2) empirio-criticism- subjective idealistic doctrine of the late 19th century. (E. Mach, R. Avenarius). They believed that a person cannot know how the outside world works, he only knows his sensations. The world for a person is a set of sensations, elements of the world. Therefore, thinking should be limited to description own feelings person. They called this the principle of economy of thought.

3) Neopositivism (logical positivism(20-30s of the 20th century) , analytical philosophy(since the 50s of the twentieth century). (L. Wittgenstein, B. Russell). This trend originated in Europe, but later became the most popular philosophy in the United States. They reduced philosophy to the analysis of language, scientific terms and logic. They used the principle of verification, according to which the truth of a judgment is verified by experience. They decomposed scientific knowledge into separate atomic propositions that can be verified experimentally. All other scientific judgments must be derived from atomic ones.

4) Critical rationalism (mid-20th century). Representatives of this direction were engaged in the philosophy of science, looking for clear criteria to separate scientific knowledge from non-scientific knowledge. For example, K. Popper introduced the principle of falsification, according to which scientific knowledge is knowledge that can be refuted. Knowledge that in principle cannot be refuted is not scientific (truths of religion, philosophical metaphysics).

5) postpositivism/historical school/ (60-70s of the twentieth century). (T. Kuhn, I. Lakatos, P. Feyerabend, Toulmin) They studied the history of science, how scientific knowledge grew, how scientific revolutions took place.

HISTORY OF RUSSIAN PHILOSOPHY

1. Formation and main features of Russian philosophy.

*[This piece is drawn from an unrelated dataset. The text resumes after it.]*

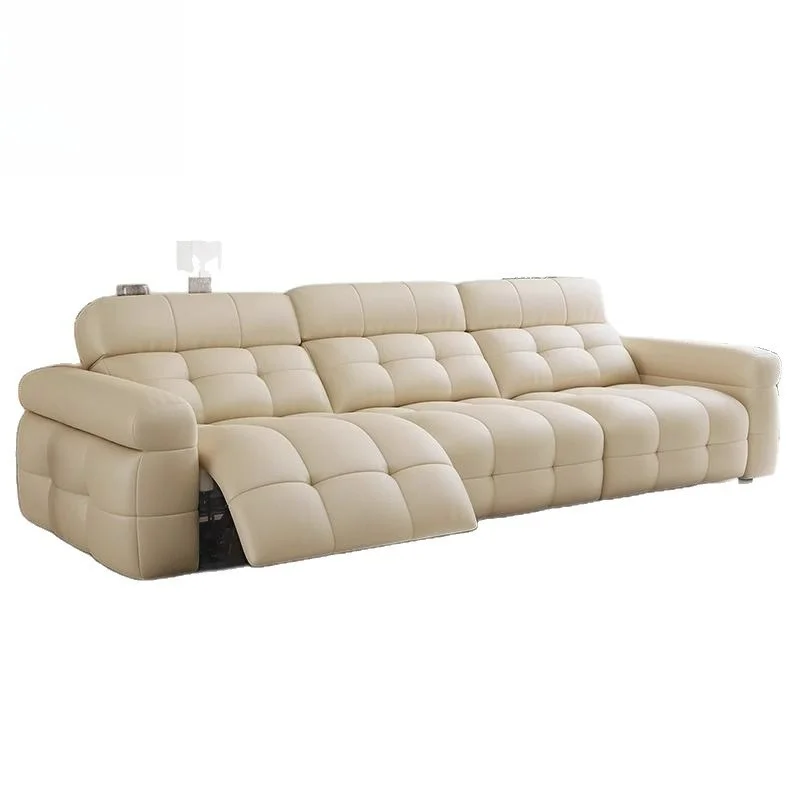 Factory Direct 2026 Marshmallow First Class Functional Sofa Electric Adjustable Sofa Living Room Small Apartment Straight Row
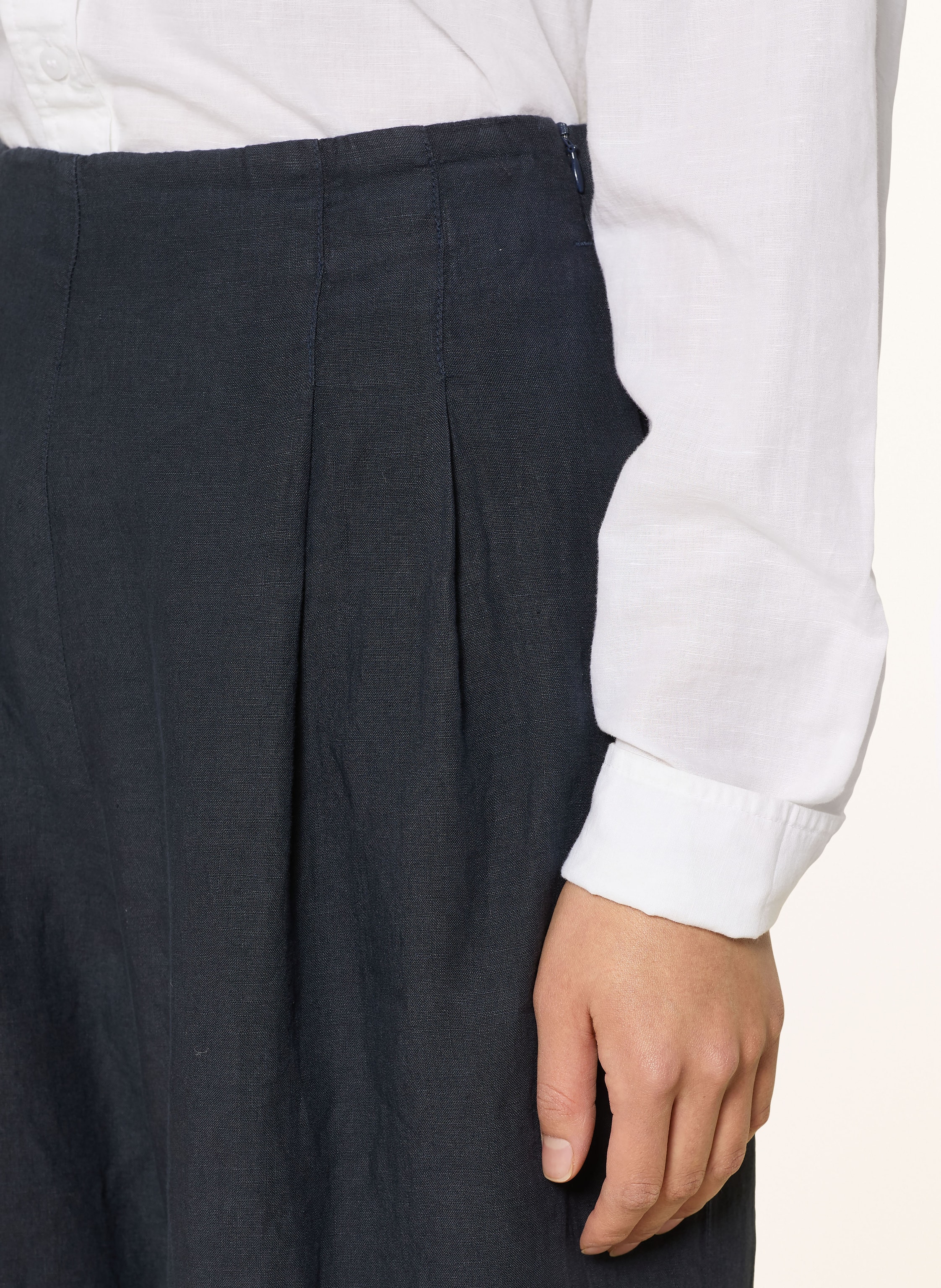 Thumbnail - 120%Lino Marlenehose Aus Leinen blau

2. Development of revolutionary democratic ideas in Russia.

3. Russian religious philosophy.

1. Formation and main features of Russian philosophy. Russian philosophy is part of world philosophy, but at the same time, it has national characteristics. The formation of Russian philosophy began in the 11th century, after the adoption of Christianity in Ancient Rus'. It was influenced by: 1) pagan beliefs of the Slavic tribes, 2) Christian theology (Byzantine and Western European), 3) ancient philosophy (Plato, Aristotle). The main problems that interested Russian philosophers: 1) the inner world of man, the problems of good and evil, the meaning of life; 2) social philosophy, the problem of social justice, philosophy of history; 3) features of the Russian national character, the role of Russia in world history (Russian idea).

Until the 18th century Russian philosophy retained a mainly religious character. Most famous representatives religious and philosophical thought of this period: Metropolitan Hilarion, Maxim the Greek, Kirill of Turov, Philotheus. In the 17th-18th centuries. The influence of European philosophy increased, secularization took place, i.e. gradual liberation of philosophy from the influence of religion. M.V. made a great contribution to the development of philosophical education in Russia. Lomonosov. He was a supporter of deism, believed that God created the world and gave it movement, but in the future nature develops independently according to physical laws. He argued that scientific knowledge of nature does not contradict religious faith.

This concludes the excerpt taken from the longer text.